Published: Mon Sep 13, 2004
Research that has the potential to provide novel solutions to important problems such as treating Alzheimer’s disease or producing new refrigerants kinder to the ozone layer has earned Tennessee Tech University chemical engineering associate professor Donald P. Visco Jr. the highest honor bestowed by the U.S. government on scientists and engineers.
Visco received the Presidential Early Career Award for Scientists and Engineers at a White House ceremony in Washington, D.C., last week. He was one of only 57 recipients honored for displaying exceptional potential for leadership early in their scientific careers.
Eight federal departments and agencies annually nominate engineers and scientists at the start of their careers whose work shows the greatest promise to benefit the nominating agency’s mission. The Department of Energy nominated Visco after awarding him the Early Career Scientist and Engineering Award through the National Nuclear Security Administration Office of Defense Programs.
“We are very proud of Dr. Visco’s accomplishments,” said TTU College of Engineering Dean Glen Johnson. “He now joins Dr. John Zhu as the second of our faculty to win a national-level career award from a major government agency. Dr. Visco is the first of our faculty members in memory to win a technical award from the Office of the President.”
Visco’s award-winning work developed during recent summer collaborative efforts at Sandia National Laboratories in Albuquerque, N.M., and Livermore, Calif. The value of his work can best be understood by first looking at the challenge scientists face when searching for compounds with particular properties. To develop a new drug or create new lubricants, solvents or refrigerants, scientists need to be able to conduct accurate, timely and cost-effective searches of all the possible chemical compounds that could be used. But the chemical universe offers an unwieldy dataset, estimated at about 10 to the 60th power.
“You could never start with such a hopelessly large number, so techniques are needed to form a drastically smaller and focused subset of potential solutions,” says Visco.
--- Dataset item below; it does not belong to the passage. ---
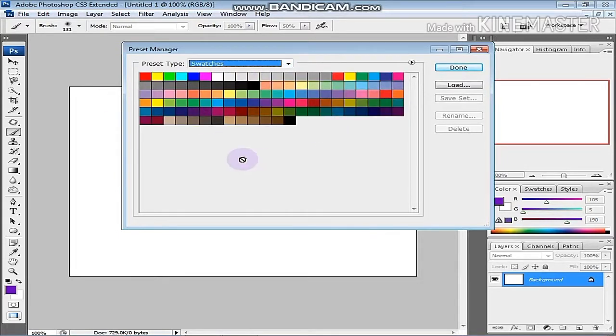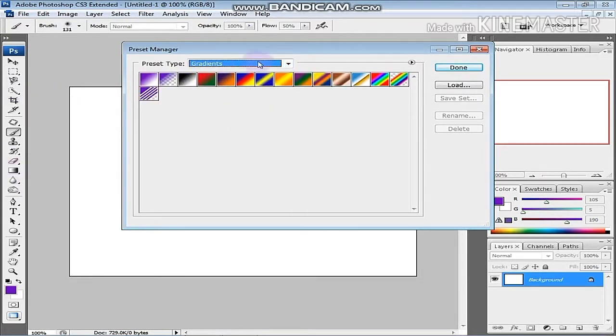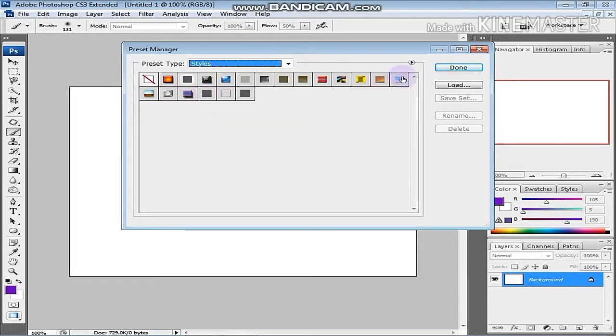You can edit the swatches, gradients, and styles.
Take the recent news that the drugs Vioxx and Celebrex, commonly prescribed for arthritis patients, have been linked to heart problems. New drugs could be designed with similar properties that don’t have that undesirable side effect. But scientists face searching through millions and millions of compounds to find one that can be used to design a similar drug. That’s where Visco’s development and testing of a new technique can make all the difference.
What Visco designed, in conjunction with collaborators at Sandia National Laboratories, was the introduction of a molecular descriptor, called "Signature," which quantifies and describes a molecule’s structure.
“Signature is simply a way to encode and describe the local environment of an atom in a molecule so that we can understand its structure,” he says.
The field in which Visco is working, QSAR, or quantitative structure-activity relationships, has long sought a way to glean information about the structure of compounds and use that information to make predictions about other compounds. Early results using Signature show that scientists can now take a small set with known properties and generate a much larger database of compounds that have optimal properties for the problem at hand.
“The technique of Signature is independent of the problem waiting to be solved,” said Visco. “Involving students at Tennessee Tech, we’re trying it in a wide variety of areas.”
At least five projects involving students under Visco’s advisement are currently using Signature to solve problems. One student is seeking to design a new refrigerant to replace ozone depleting ones. Another student is working to create a drug to treat Alzheimer’s disease.
Other projects include research into the Vioxx and Celebrex alternative and a new add mixture for concrete.
"Working at Sandia has been an amazing and energizing opportunity,” says Visco. “Collaborative efforts such as this promote the university and open doors for our students.”
Each Presidential Award winner received a citation, plaque and a commitment for continued funding of their work from their agency for five years. Visco’s award amounts to $250,000 over the five-year period. The Center for the Management, Utilization and Protection of Water Resources is providing additional support for Visco’s work through a graduate student and funding for software not covered by the award.
“Don Visco is well deserving of this recognition by the president of the United States and the Department of Energy,” said Dennis George, TTU's director of the Center for Water Resources. “His work with molecular Signatures allows him to find new compounds matching certain desired properties and is an extremely exciting area of research. It can be applied in both industry and the environment.“This honor not only reflects well on Don but also on the university as a whole as it continues to invest and engage in high-quality research,” George said.